Thanks for proving my point? They get their rights articulated and further protected while we have people trying to amend the constitution to deny the protections of the 14th Amendment; DOMA is still federal law and DADT is still in effect. The systemic harms towards LGBT Americans is are in no way comparable to the discrimination that disabled Americans face other than they are both immutable characteristics. No one campaigns for being able to fire people for who they are unless that person is LGBT.
It doesn't matter if the term has to explicitly reference sexuality, at the point in which it is derived from and perpetually endorses the idea that being gay is wrong or bad, that type of discourse should not be tolerated as it spreads seeds of hatred and discord.

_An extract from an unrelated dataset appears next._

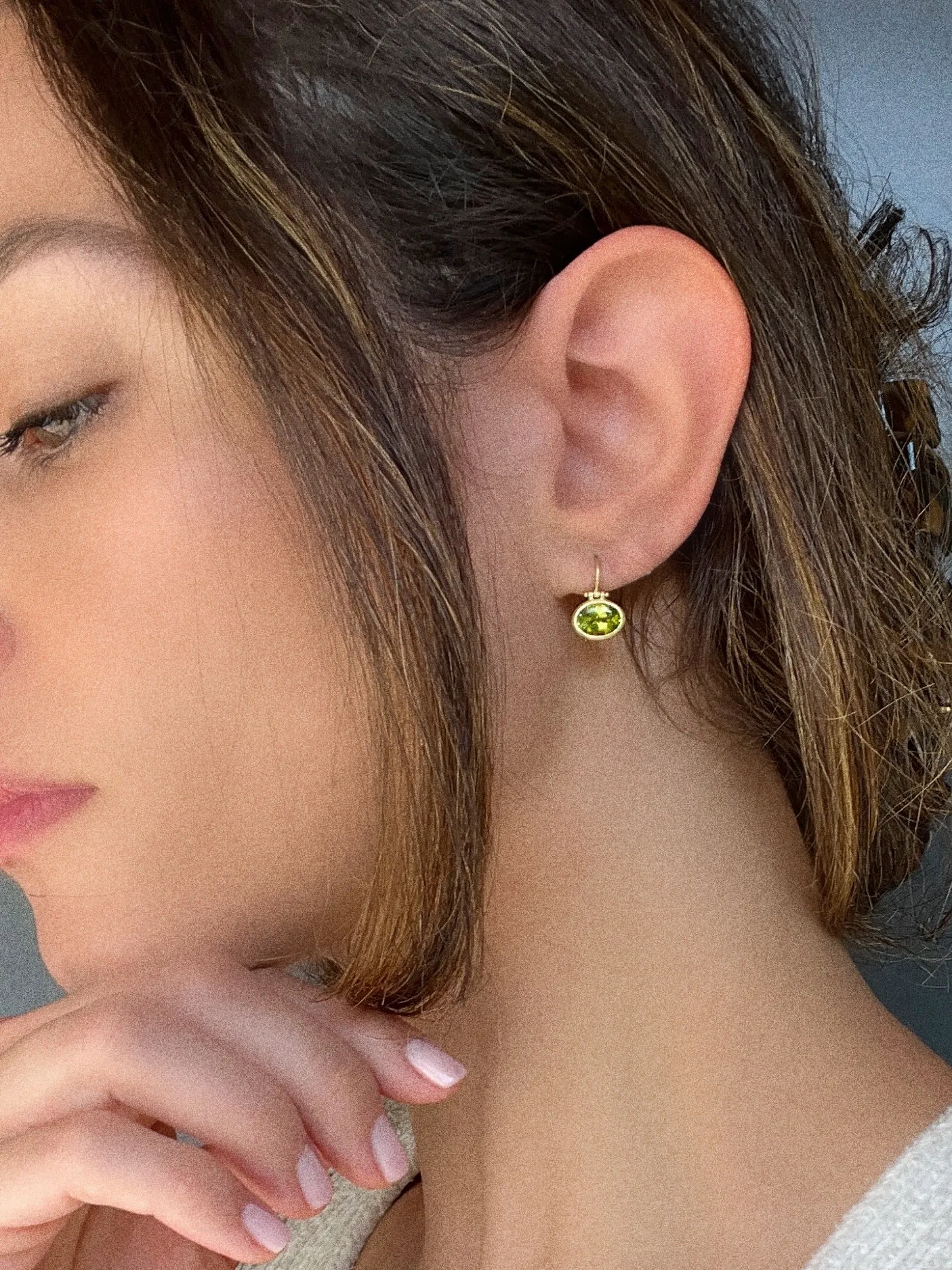 18 Karat Gold Peridot Hinge Earrings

http://www.thinkb4youspeak.com/GetInformed/
If you think there's negligible impacts to this type of discourse you're sorely mistaken. 86% of LGBT students report being verbally harassed just in their own schools. GLSEN studies have shown that there are severe social, mental and emotional impacts to the bullying and harassment that affects LGBT students today. Cyberbullying means that this harassment doesn't stop at school, leading to a sharp increase in youth suicides.
My point about subjectivity is that there isn't even a coherent standard as to which tactics are deemed 'gay' and which ones are 'legit' and cause mad styling. People *****ed out Amsah for camping Jman at pound, but if Jman camps a Peach player he is playing 'safe' and 'smart,' because Fox is a "real" character and Peach (like Sheik, Climbers, and Puff) is a "gay" character; I never said that the phrase "that's so gay" means nothing, but I've been arguing quite the opposite, that the phrase and its context (even if the intent is innocuous and not meant to be offensive) has several problematic impacts and consequences for our culture, not only as gamers, but as decent human beings.